Мой успех, бывший успех, сумасшедший успех, был основан на том, что я –представитель буржуазии. Редкого класса тогда еще, потому что поэты –песенники, как и композиторы –песенники были богатыми людьми. Наши квартиры были обставлены антиквариатом, а жен мы меняли так, как сейчас меняют автомобили. Понимаете? И тогда я очень хорошо почувствовал настроение возникающего класса. И мне интересно было иметь коммерческую галерею, а не творческую. Трагедия всех искусствоведов заключается в том, что они пытаются продавать то, что им нравится. Мне может быть и понравится какой-либо художник. Но если он я не почувствую, что он может продаваться, я не стану им заниматься. Я нашел нишу буржуазного искусства. Я к «Fine art» никакого отношения не имею. К сожалению. У меня нет спонсоров. Мне никогда никто ни копейки не давал, и я не могу себе позволить заниматься некоммерческим искусством. У меня всё должно быть гладко, красиво, комфортно, «эстетно», с точки зрения нувориша. Теперь мои покупатели все на «Сотбисе» берут. Поэтому мои дела идут несколько хуже. Ждем, пока подрастет средний класс. Убедительно рассказал? А с художником А., например,  я работал, потому что у него всё гладко, чистенько. Никаких своих убогих мыслей он не хотел изобразить на холсте, никакого детства, проведенного в подвале. И то, что его била мама, и то, что он не доедал, нет ничего того, что мы видим на холстах гениальных художников. Но мне этого видеть не хочется. И моим покупателям тоже. Потому что мы сами из такой же помойки вылезли, и вспоминать о ней не хотим.  И я был тогда на рынке один.  Потому что все остальные пытались совместить гениальность художника и свою интуицию. Время Ван Гогов, ребята, прошло!

Не хотите ли еще чаю?

Скажите Наум Миронович, ну почему же сейчас, обустраивая особняк, люди влегкую покупают торшер за тысячи долларов, но на стенку максимум что повесят, так это постер из «Икеа»? Есть ли вообще перспектива у галерейного бизнеса?

– Есть, есть, девочки. Нужно подождать. И через некоторое время проявится чувство стадности. «Я, Мань, такую же хочу!». Пока покупают подлинники не многие, но очень скоро подтянутся и остальные. Хотя я прекрасно понимаю, что Вы имеете в виду. Купить итальянский ширпотреб за десятки тысяч, они могут. А скульптуру нашего отечественного автора за треху – ни в жизнь. Это еще остатки провинциального синдрома в погоне за джинсами. Ну, что, Вы все свои вопросы задали?

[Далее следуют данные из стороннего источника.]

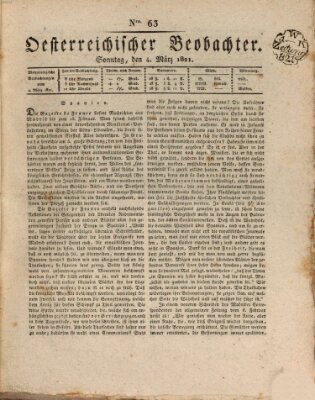 Der Oesterreichische Beobachter Sonntag 4. März 1821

А что, мы уже так надоели?

– Да нет. Я беспокоюсь, что мы сидим, мило беседуем, Вы в конце в концов уйдете, а может чего-то важного я вас не сказал… Бывает такое интервью, когда журналист заготовил вопросы, обсудил их заранее с секретариатом выбранного персонажа. Потом и интервью происходит. Приходят девочки с первого курса журфака, и спрашиваю меня про творческие планы. Или про то, какие еще я песни написал, кроме песни «Татьян день». Ну не помню я, что написал. Вы на моих песнях выросли, вы и помните!

…Ну что этот мальчик вокруг моей машины ходит? Нет, вы посмотрите, он уже третий круг наматывает! Пусть идет в школу. Будет учиться хорошо, откроет свою галерею и купит себе такую же!